Наконечники копий насаживались на деревянные древки, для прочного скрепления с которым служили два ушка на первом копье, одна петля на втором и два сквозных отверстия на втулке третьего. Через них пропускалась лямка или шнурок, который ещё надежнее скреплял копья с древками.
Найденные копья (перо, втулка, ушки и петли) целиком отлиты в двусторонних литейных формах, что свидетельствует о высоком уровне развития мастерства металлургов того времени. После отливки наконечники дополнительно обрабатывались. Были убраны все литейные швы, а поверхность выровнена и отшлифована. Изначально круглый стержень пера был откован и превращен в четко выступающее ребро. Лезвия копий были оттянуты, прокованы и заточены ближе к острию, а после полировки на них миниатюрными плоскими и круглыми чеканами был нанесен орнамент. Все втулки копий украшены тонкой нарезкой и инкрустированы листовым золотом 750 пробы.
Копья, подобные Бородинским, известны также в богатых захоронениях Поволжья, Приуралья, Северного Казахстана и Сибири. В археологии их относят к сейминско-турбинскому типу и датируют XVI-XV вв. до н.э.
Кинжал
Бородинский кинжал по технике своего изготовления близок к копьям того же клада. Лезвие и черенок у него целиком отлиты из серебра в одной литейной форме. После отливки кинжал был прокован и отполирован, частично заточен, а на черенке пробиты три отверстия, в которые входили заклепки, прочно закрепляющие насаженную на черенок рукоятку (она, к сожалению, не сохранилась, так как могла быть костяной или деревянной). Не исключается и то, что кинжал мог иметь металлическую рукоятку, близкую к рукоятям кинжалов из царских захоронений древних Микен в Греции. Форма клинков микенских и бородинских кинжалов чрезвычайно близка. Близость эта в том, что инкрустированы они с обеих сторон клинка золотыми пластинами, расположенными в центре кинжала и повторяющими форму клинков.
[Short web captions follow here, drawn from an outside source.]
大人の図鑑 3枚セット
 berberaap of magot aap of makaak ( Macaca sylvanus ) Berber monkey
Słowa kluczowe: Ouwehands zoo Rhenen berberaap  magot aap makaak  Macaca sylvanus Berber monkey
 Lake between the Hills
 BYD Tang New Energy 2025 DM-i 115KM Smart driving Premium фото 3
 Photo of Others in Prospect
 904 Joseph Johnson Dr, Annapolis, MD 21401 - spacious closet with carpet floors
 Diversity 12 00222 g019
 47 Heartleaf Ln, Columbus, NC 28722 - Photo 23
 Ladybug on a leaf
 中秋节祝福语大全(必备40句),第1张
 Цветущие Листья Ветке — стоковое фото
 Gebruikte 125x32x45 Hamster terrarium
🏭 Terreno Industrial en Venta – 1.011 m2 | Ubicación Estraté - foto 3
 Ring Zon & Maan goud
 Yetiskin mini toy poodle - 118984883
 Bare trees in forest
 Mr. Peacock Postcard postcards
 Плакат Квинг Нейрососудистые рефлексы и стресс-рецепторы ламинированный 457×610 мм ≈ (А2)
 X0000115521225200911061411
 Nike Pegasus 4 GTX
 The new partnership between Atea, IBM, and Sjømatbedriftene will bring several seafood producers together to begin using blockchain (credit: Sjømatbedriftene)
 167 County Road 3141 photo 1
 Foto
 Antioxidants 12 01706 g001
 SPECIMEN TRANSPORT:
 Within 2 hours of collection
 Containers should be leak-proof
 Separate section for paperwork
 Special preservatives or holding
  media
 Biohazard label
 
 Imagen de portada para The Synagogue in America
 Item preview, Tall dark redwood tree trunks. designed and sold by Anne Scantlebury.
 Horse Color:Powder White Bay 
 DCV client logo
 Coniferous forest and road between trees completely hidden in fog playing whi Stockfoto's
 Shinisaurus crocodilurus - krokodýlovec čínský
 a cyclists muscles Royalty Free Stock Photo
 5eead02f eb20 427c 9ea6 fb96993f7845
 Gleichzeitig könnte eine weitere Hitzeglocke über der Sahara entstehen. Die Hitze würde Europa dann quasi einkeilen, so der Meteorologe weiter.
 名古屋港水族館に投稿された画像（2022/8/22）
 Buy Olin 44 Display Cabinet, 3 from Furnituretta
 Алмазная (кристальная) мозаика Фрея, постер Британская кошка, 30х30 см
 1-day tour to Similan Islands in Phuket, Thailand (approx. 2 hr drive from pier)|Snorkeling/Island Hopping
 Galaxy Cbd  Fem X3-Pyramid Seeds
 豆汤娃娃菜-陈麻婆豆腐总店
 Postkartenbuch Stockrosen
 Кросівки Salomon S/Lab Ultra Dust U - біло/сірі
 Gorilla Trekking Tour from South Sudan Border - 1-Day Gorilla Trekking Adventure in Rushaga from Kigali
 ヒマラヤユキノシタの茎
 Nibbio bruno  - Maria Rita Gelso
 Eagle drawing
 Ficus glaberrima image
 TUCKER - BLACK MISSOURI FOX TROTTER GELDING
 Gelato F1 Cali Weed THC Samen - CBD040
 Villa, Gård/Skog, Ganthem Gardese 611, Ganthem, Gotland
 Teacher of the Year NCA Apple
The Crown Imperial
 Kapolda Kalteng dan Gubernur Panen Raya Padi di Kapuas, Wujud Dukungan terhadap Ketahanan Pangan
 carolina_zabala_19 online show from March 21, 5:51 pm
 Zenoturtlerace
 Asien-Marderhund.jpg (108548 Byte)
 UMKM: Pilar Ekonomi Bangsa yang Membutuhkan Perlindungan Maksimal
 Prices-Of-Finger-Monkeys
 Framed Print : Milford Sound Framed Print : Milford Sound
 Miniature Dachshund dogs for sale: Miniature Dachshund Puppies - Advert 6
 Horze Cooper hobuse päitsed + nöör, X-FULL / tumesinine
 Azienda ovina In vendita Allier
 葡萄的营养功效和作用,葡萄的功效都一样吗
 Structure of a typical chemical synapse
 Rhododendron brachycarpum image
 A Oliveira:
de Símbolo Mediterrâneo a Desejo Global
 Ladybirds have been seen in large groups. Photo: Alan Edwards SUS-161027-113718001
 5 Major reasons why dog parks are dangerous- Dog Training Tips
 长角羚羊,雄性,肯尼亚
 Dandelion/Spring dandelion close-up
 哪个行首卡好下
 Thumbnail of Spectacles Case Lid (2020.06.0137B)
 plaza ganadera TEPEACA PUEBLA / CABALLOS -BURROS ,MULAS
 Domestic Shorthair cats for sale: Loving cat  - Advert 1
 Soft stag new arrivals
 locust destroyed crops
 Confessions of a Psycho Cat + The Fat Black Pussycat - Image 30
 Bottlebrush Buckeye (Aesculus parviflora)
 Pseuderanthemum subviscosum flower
Кинжал покрыт тонким чеканным орнаментом в виде полуспирали. Узор расположен на стыке золотой накладки и серебряной основы кинжала. Его нанесение способствовало креплению золотой пластины на клинке. Способ литья, ювелирная техника инкрустации те же, что и на микенских копьях. Чрезвычайно интересны два трискелия - схематичных цветка, изображенных в центральной части клинка на обеих его сторонах. Завитки трискелей выполнены тем же штампом, что и орнамент вдоль золотой пластины. Изображения трискелей известны на бляхах, найденных в погребениях в микенских гробницах. Этот узор находит аналогии и в других памятниках Эгейского мира середины II тысячелетия до н.э.
Булавы
Все три бородинские булавы изготовлены из белого камня тальковой породы, которая была хорошо известна в древности на Кавказе и Саянах. Булавы изящны, хорошо отполированы и просверлены. Две из них имеют приплюснутую, почти шарообразную форму, а третья несколько вытянута в форму яйца с четырьмя полушаровидными выступами. В свое время они были насажены на деревянную рукоятку.
Нередко подобные булавы находят в памятниках эпохи бронзы на обширной территории Северного Причерноморья, Кавказа, Поволжья и Подонья. Они характерны для многих древних народов. Их находят, преимущественно, в богатых захоронениях курганных могильников и связывают с погребениями племенных вождей и родовых старшин.
Топоры
Три из четырех топоров имеют почти одинаковую форму, отличаются лишь размерами и материалом изготовления. Поверхность имеет хорошо выраженные продольные и поперечные ребра, канелюры. Четвертый топор имеет уникальную форму, тонкий обух, необычный изгиб лопасти и лезвия. Приблизительные аналогии можно найти лишь в бронзовых топорах Северного Кавказа.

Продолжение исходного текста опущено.